Explainer

Can You Really Be a Professor of Symbology?

No, but you can study symbols all you want.

Harvard “symbologist” Robert Langdon, as played by Tom Hanks

The Lost Symbol, the latest Dan Brown thriller starring dashing code-cracker Robert Langdon, goes on sale Tuesday. Langdon, a professor of Religious Symbology at Harvard University, has used his expertise to wondrous effect in prior novels. Is there such a thing as a professor of symbology in real life?

No. Professors in many fields study the use of symbols in the particular contexts they find most interesting, but, as of now, no one holds the title “professor of religious symbology” at Harvard or any other university.

Professors of sociology, linguistics, mathematics, and religion tend to be most interested in symbols. They might study how symbols developed, how they are used, and in what way they influence or limit the ways we think. Academics from other fields also write on the history of symbols: A political scientist, for example, might study how the pink triangle transitioned from a Nazi instrument to a symbol of gay pride. Or a professor of archaeology might study evidence of an early alphabet on stone tablets. Both of these researchers are dealing in symbology. In most cases, however, knowledge of the underlying field is far more important to the study than a broad familiarity with the use of symbols across disciplines. Symbology hasn’t caught on as a free-standing academic pursuit.

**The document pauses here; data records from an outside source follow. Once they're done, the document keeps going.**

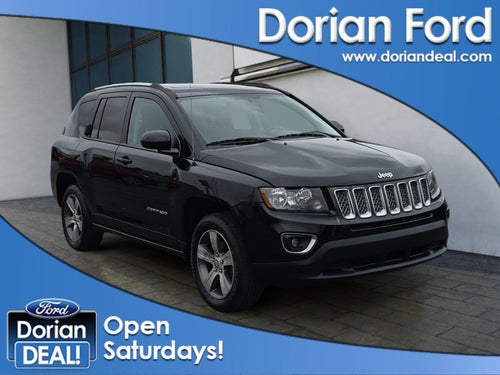 2017 Jeep Compass High Altitude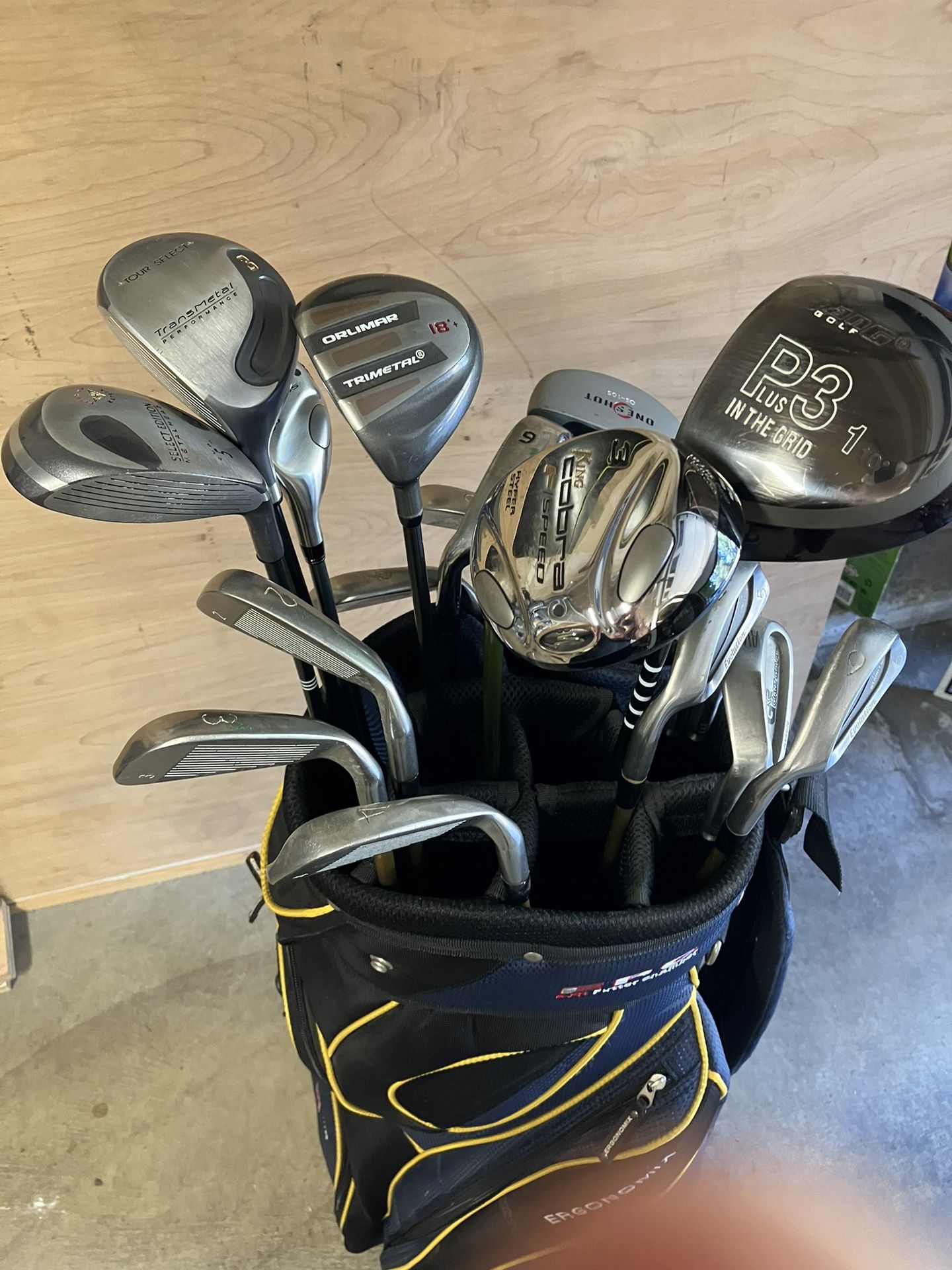 Golf Clubs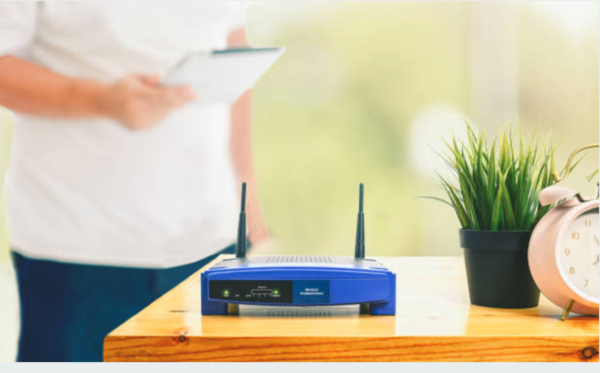 Wifi at center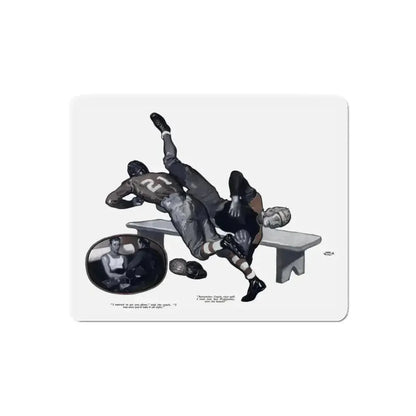 Brainstorm Play, Redbook, December 1934 (Magazine Illustration) Refrigerator Magnet - The Sticker Space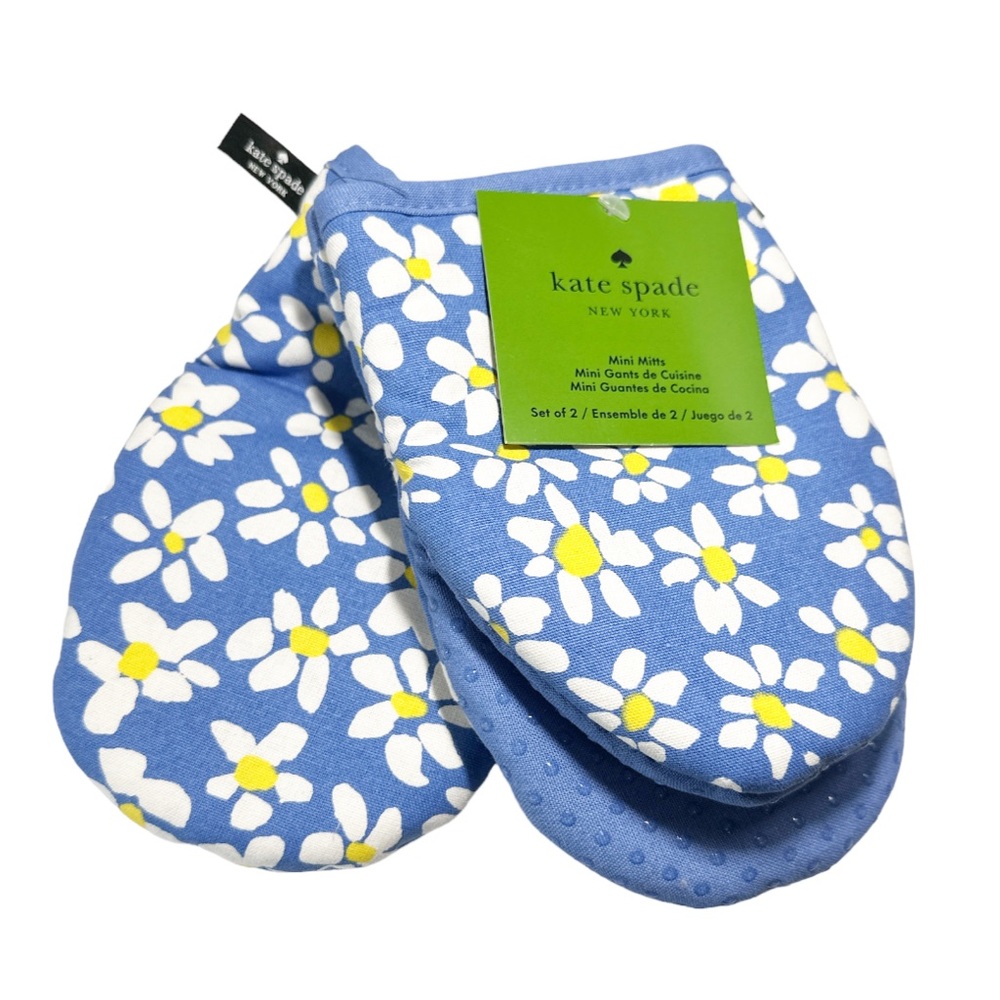 NEW ♠️ Kate Spade ♠️ MINI OVEN MITTS Set/2 🌼🌼🌼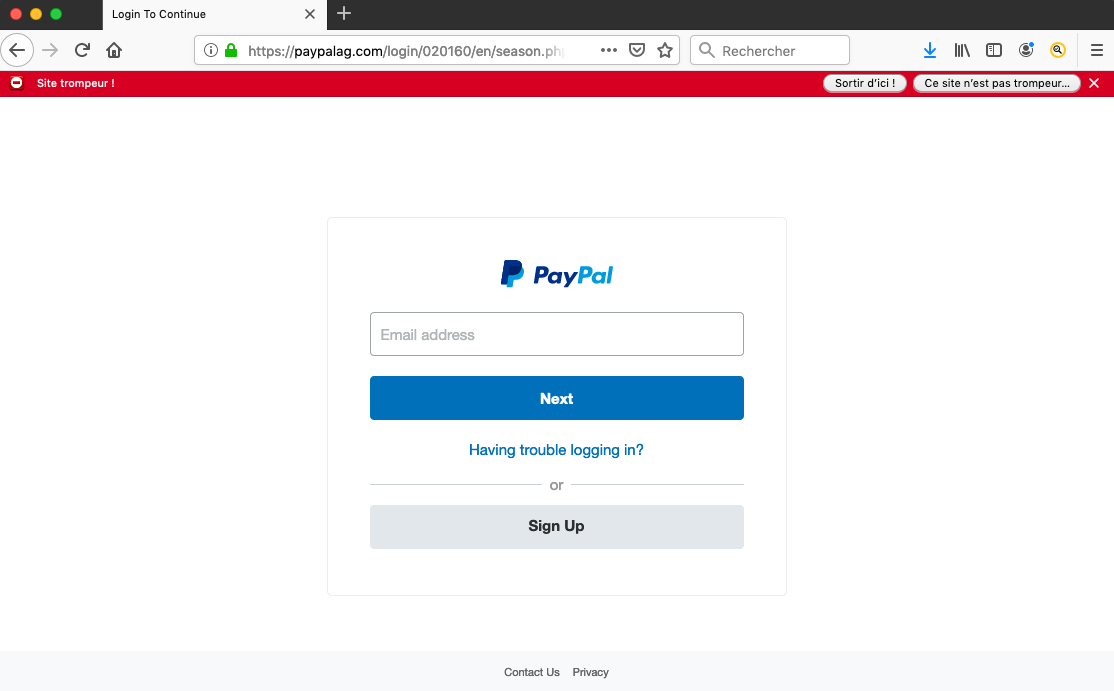 Phishing © clubic.com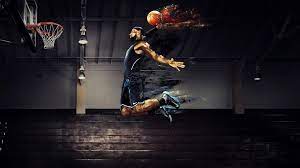 Lebron james lakers basketball nba hip hop fairy michael jordan. Lebron James Dunk Wallpaper By Oppeprinz On Deviantart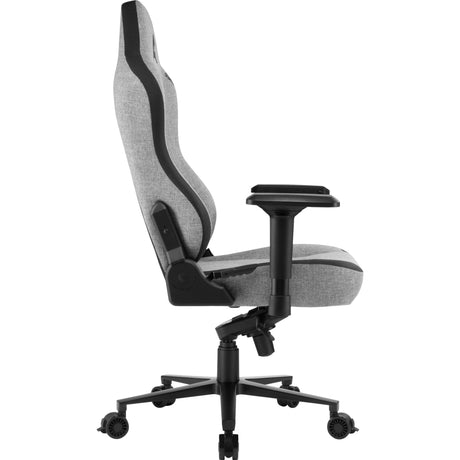 Chaise de jeu en tissu Sharkoon Skiller sgs40 (gris noir)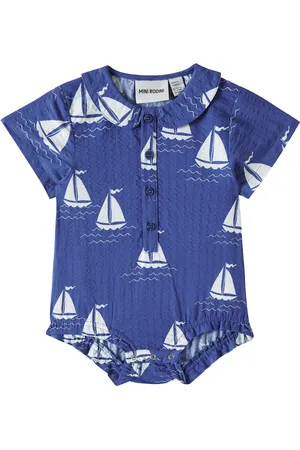Mini Rodini Body de algodón estampado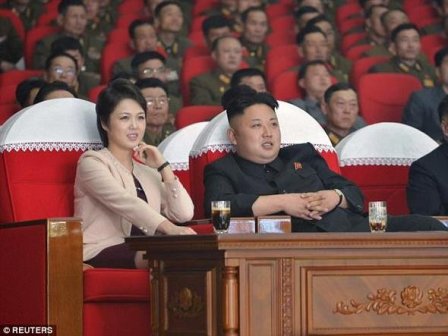 Şimali Koreya diktatoru və arvadı - FOTOLAR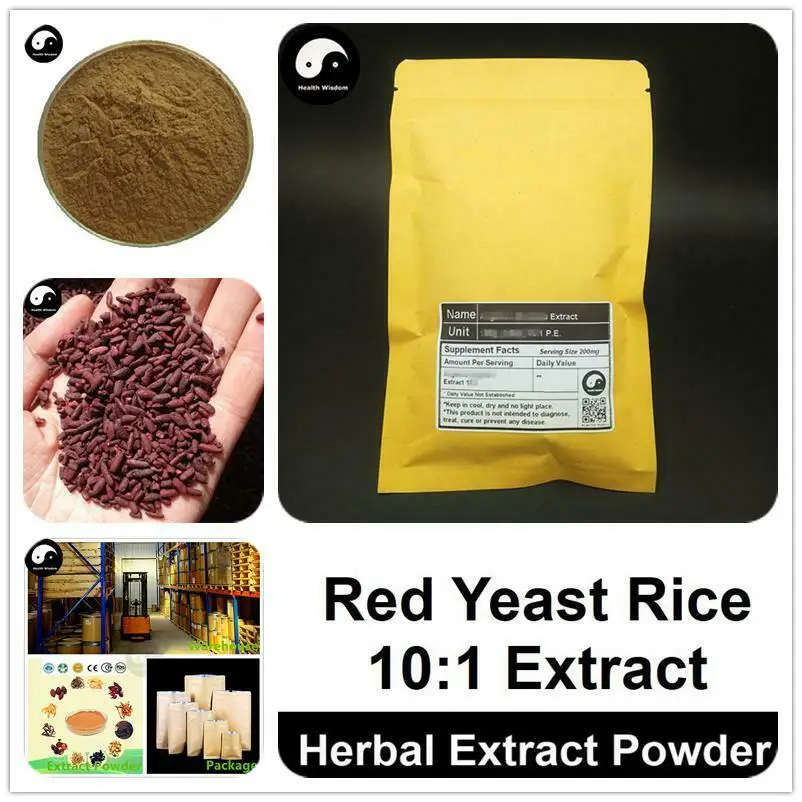 

Red Yeast Rice Extract Powder, Fermentum Rubrum P.E. 10:1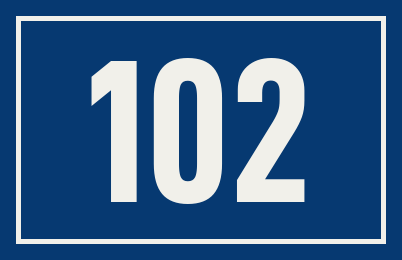 Hausnummer 102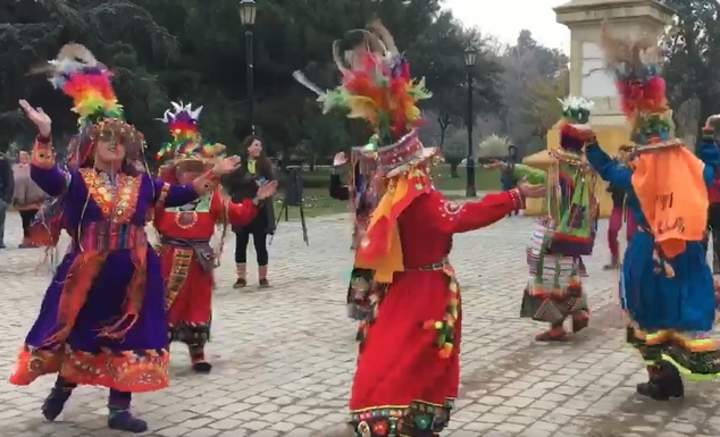 Baile, baile y más baile Inti Raymi Imagen portada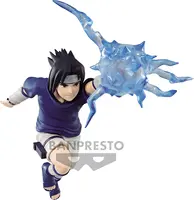 NAruto Uchiha Sasuke Action Figure Chidori 12cm Banpresto 1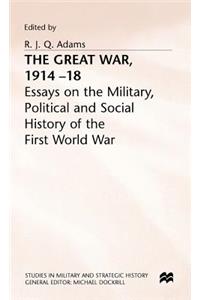 Great War, 1914-18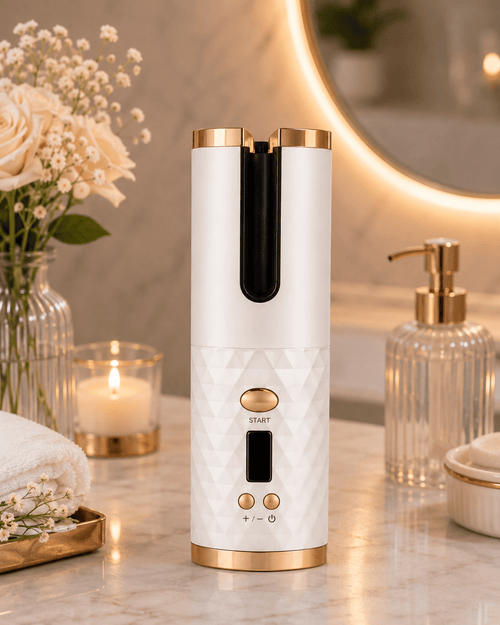 Cordless Automatic Hair Curler - Hair Care - Glow Beauty
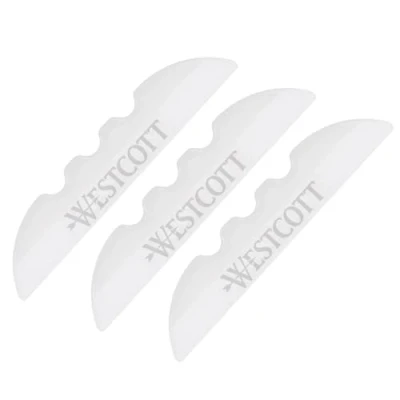 Abbildung von Westcott E 16510 00 Cutter Ersatzklingen Keramik Packung mit 3 Stück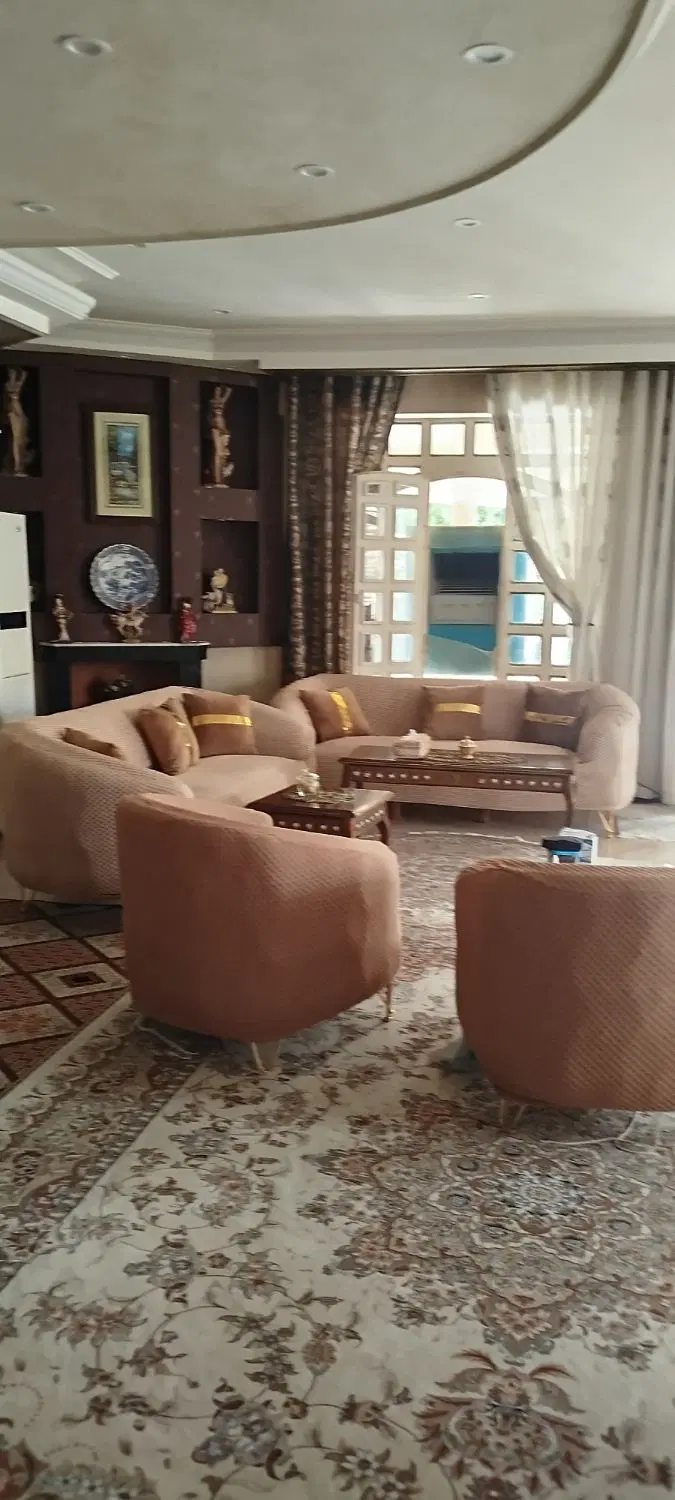 فروش باغ ویلای ۶۰۰ متری باغ محله ۱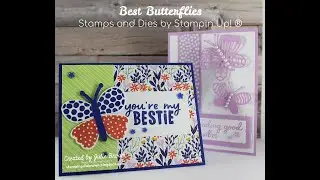 Best Butterflies Bundle by Stampin Up!® Quick and Easy!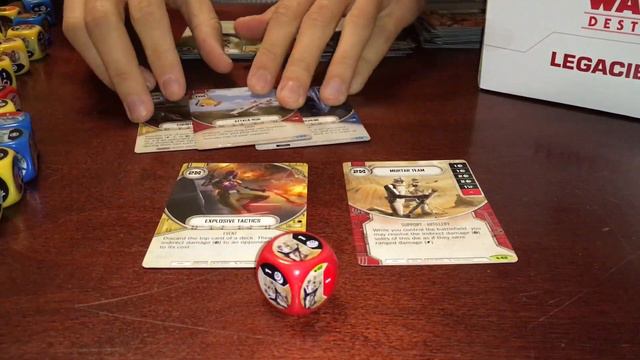 Star Wars: Destiny - Legacies Booster Box Unboxing смотреть онлайн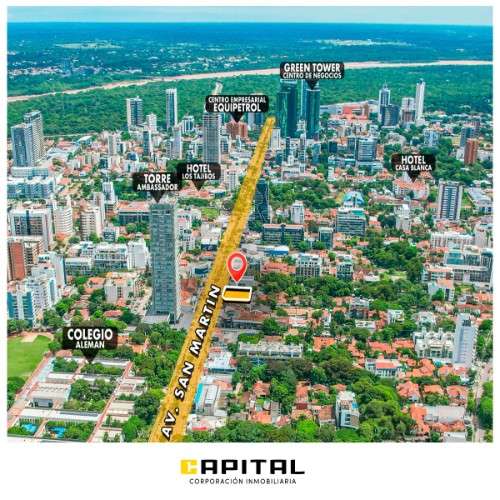 Inmueble comercial en venta sobre avenida san martin - equipetrol1274410757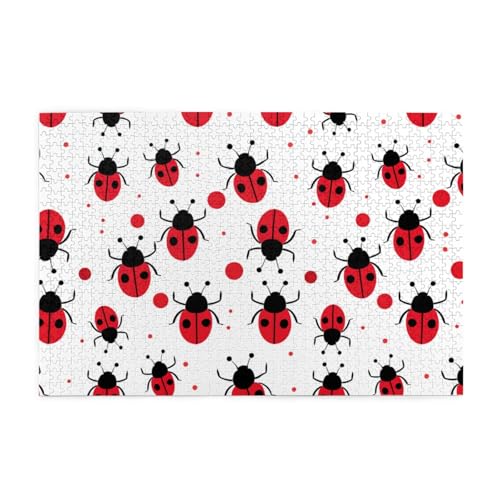 Cartoon Marienkäfer 1000 Teile Puzzle für Erwachsene Holzpuzzles für Erwachsene Geschenke Wohnkultur Cartoon Marienkäfer 1000 Teile Puzzle für Erwachsene Holzpuzzles für Erwachsene Geschenke Wohnkultur von Generisch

The word symbology itself adds to the confusion, since it has two distinct meanings. In the first, the suffix logy refers to “a manner of speaking,” as in the words eulogy and trilogy. Thus symbology refers to the use of symbols or a system of symbols as a means of communication. That’s what symbology meant when it first entered the English language at the beginning of the 19th century. In 1819, for example, one author described “gregarious animals, though infinitely inferior to man, in their system of symbology, communicate to each other a multitude of impressions.” An 1877 dictionary defines the word only as “the art of expressing through symbols.”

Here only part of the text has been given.